(SOURCE DATA begins)
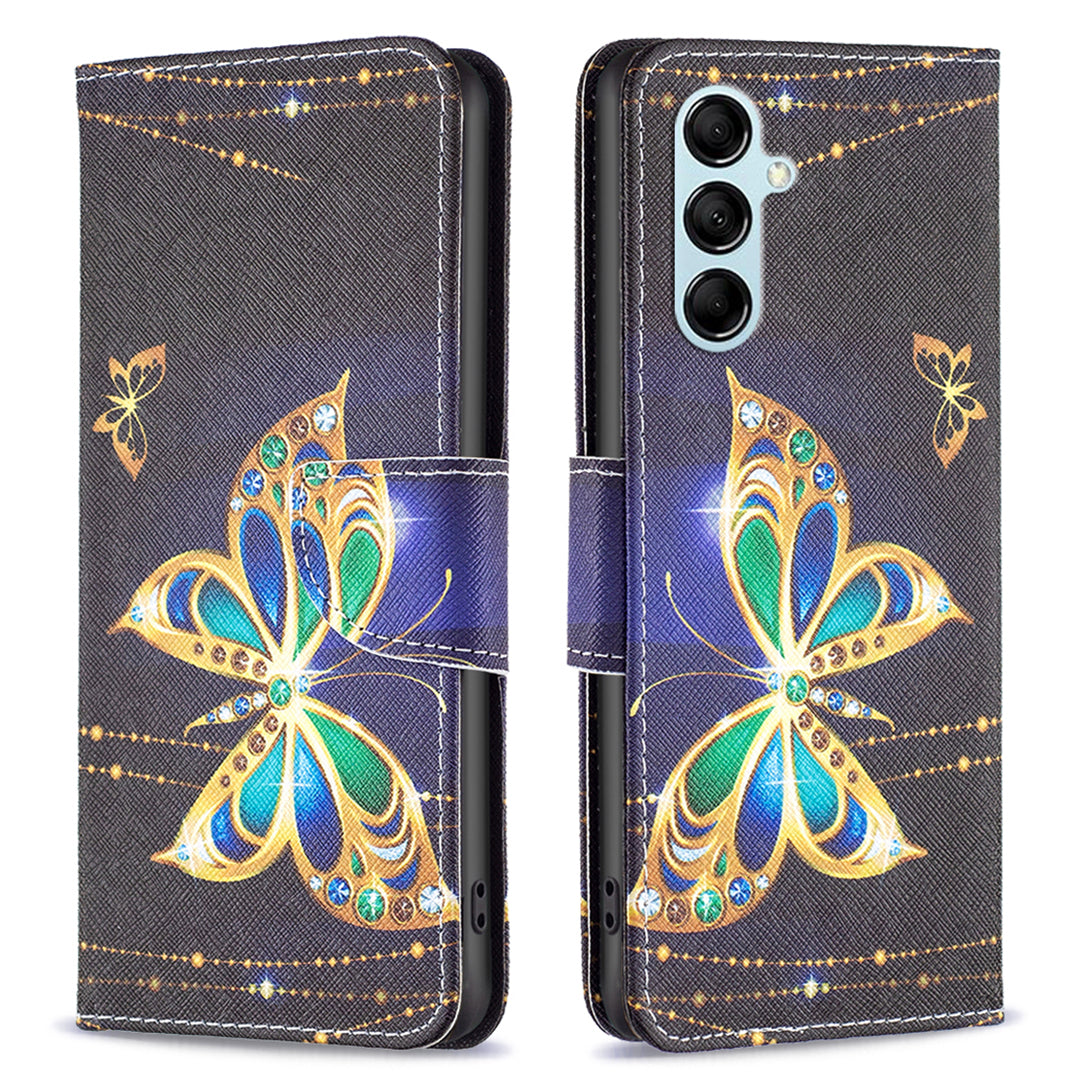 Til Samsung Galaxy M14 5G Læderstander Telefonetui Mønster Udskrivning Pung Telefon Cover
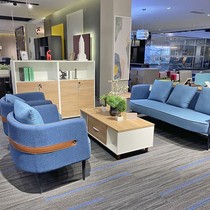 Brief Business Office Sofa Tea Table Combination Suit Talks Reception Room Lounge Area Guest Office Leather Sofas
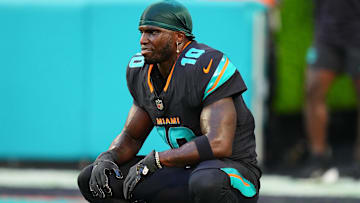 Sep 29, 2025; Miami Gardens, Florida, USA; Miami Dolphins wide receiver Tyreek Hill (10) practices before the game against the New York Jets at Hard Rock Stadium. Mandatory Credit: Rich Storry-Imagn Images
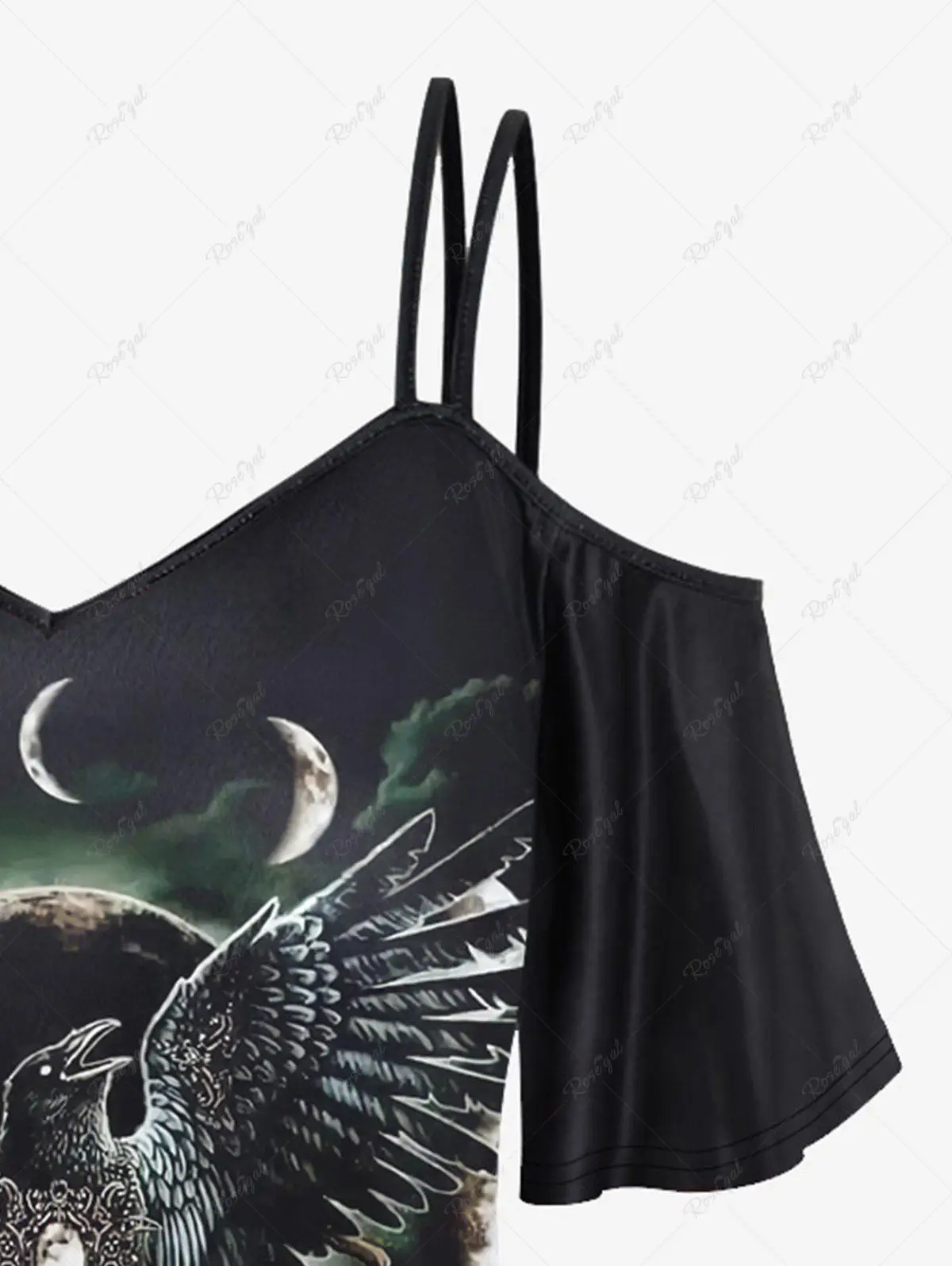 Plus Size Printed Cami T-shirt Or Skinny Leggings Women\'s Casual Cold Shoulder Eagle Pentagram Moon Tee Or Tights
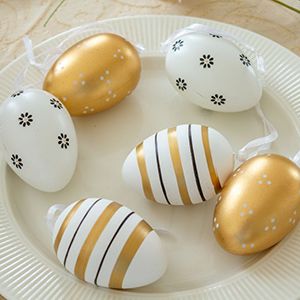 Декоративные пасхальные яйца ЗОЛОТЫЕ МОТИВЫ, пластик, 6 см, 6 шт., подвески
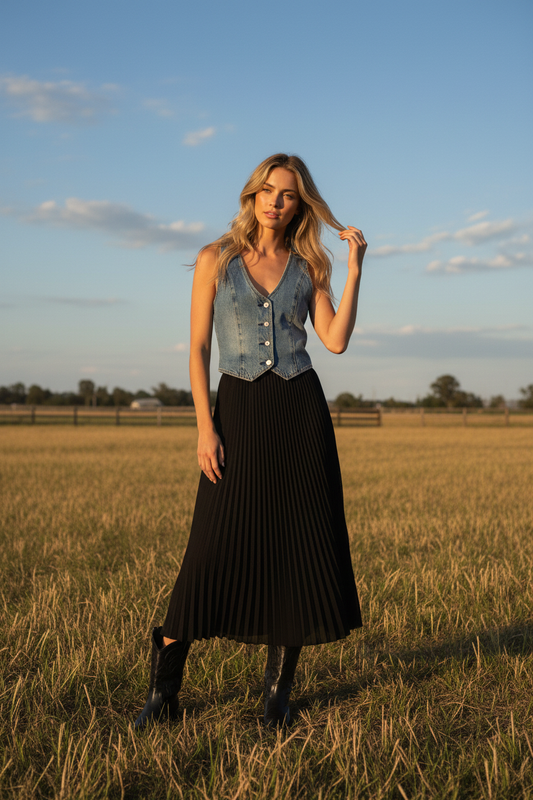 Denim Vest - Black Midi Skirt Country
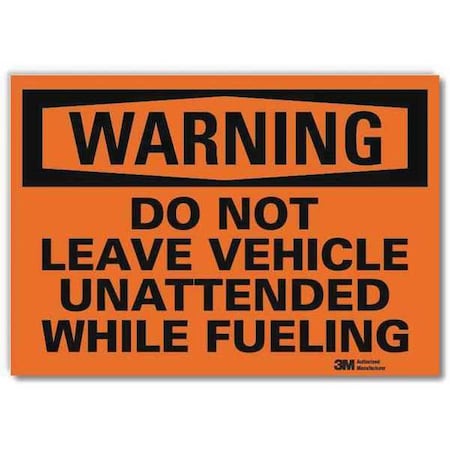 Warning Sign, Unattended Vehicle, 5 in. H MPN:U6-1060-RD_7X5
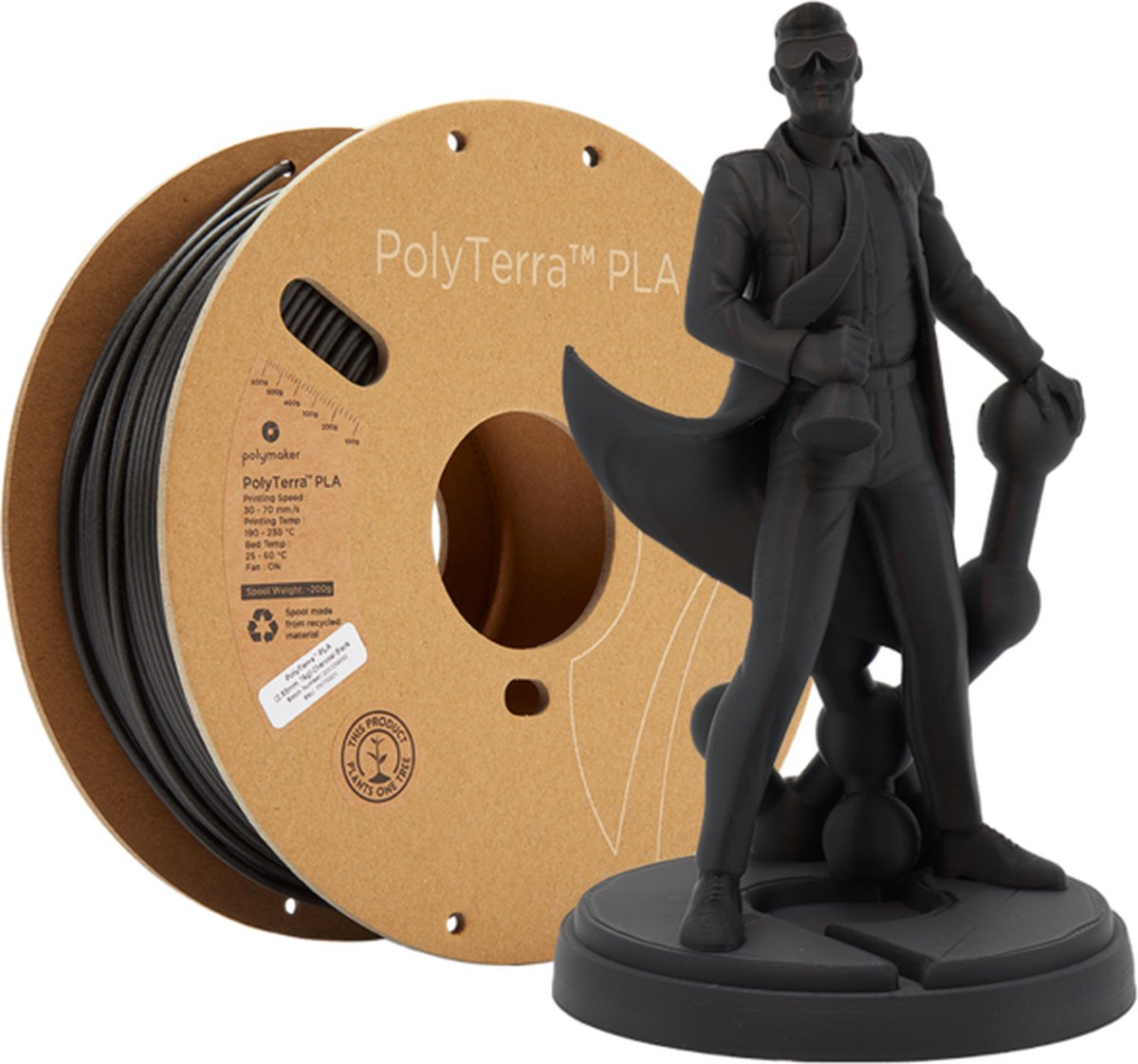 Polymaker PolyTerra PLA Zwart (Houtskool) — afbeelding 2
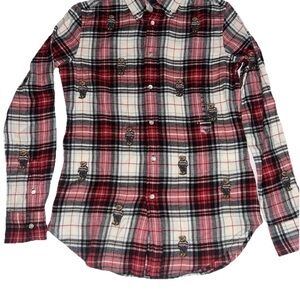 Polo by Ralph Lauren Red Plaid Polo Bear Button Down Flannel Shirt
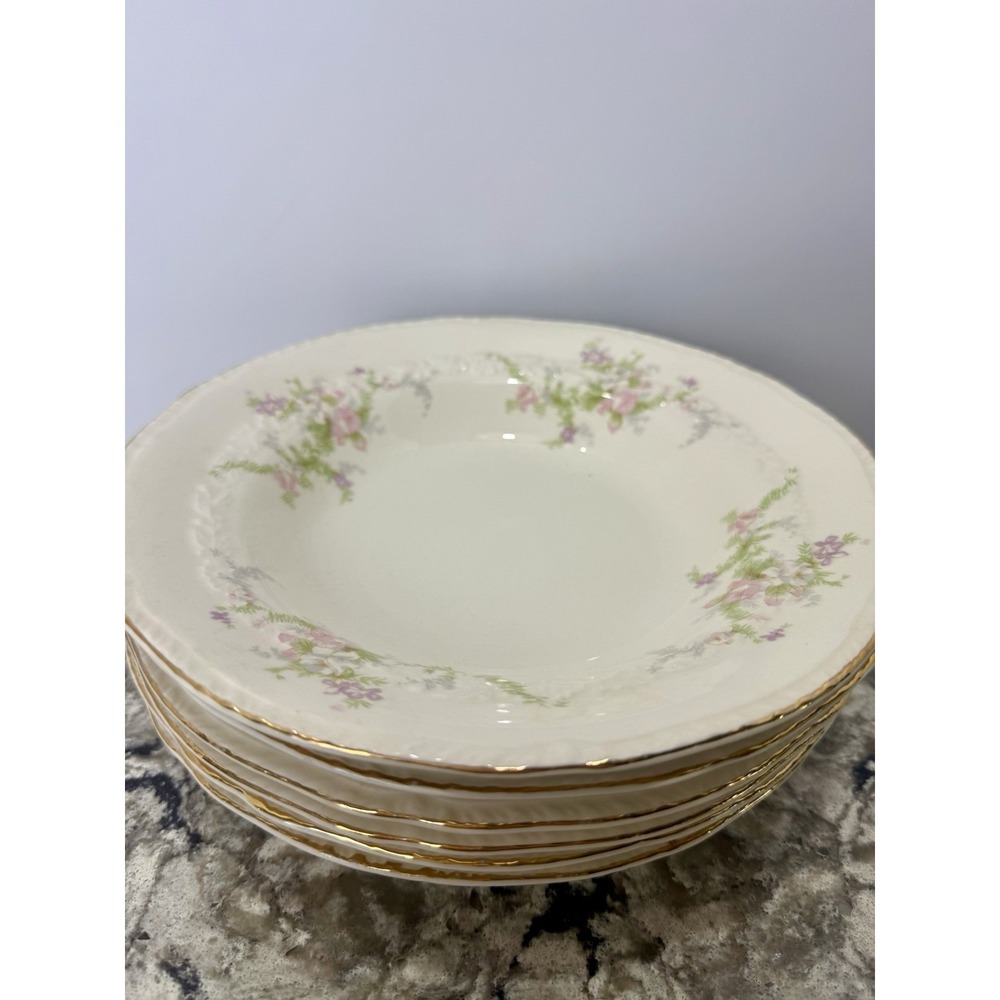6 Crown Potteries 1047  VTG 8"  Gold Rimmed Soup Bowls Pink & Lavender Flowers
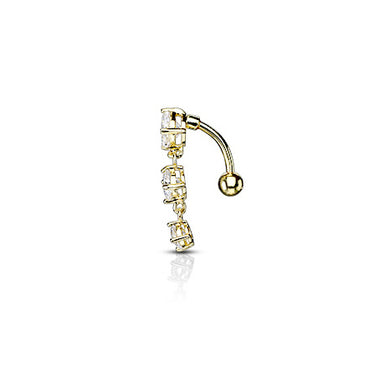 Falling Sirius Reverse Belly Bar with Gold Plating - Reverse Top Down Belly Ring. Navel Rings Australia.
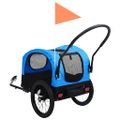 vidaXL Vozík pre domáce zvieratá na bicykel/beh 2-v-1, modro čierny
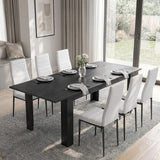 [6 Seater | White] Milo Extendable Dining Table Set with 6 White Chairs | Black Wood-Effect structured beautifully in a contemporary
(SOURCE DATA ends)
→ **PROBLEM DESCRIPTION**
Extract, verbatim and alone, the lines from the line that contains "Polo by Ralph" to the last line of the records, inclusive; drop any picture.

→ **YOUR RESPONSE**
 Polo by Ralph Lauren Red Plaid Polo Bear Button Down Flannel Shirt
6 Crown Potteries 1047  VTG 8"  Gold Rimmed Soup Bowls Pink & Lavender Flowers
 Falling Sirius Reverse Belly Bar with Gold Plating - Reverse Top Down Belly Ring. Navel Rings Australia.
 vidaXL Vozík pre domáce zvieratá na bicykel/beh 2-v-1, modro čierny
 [6 Seater | White] Milo Extendable Dining Table Set with 6 White Chairs | Black Wood-Effect structured beautifully in a contemporary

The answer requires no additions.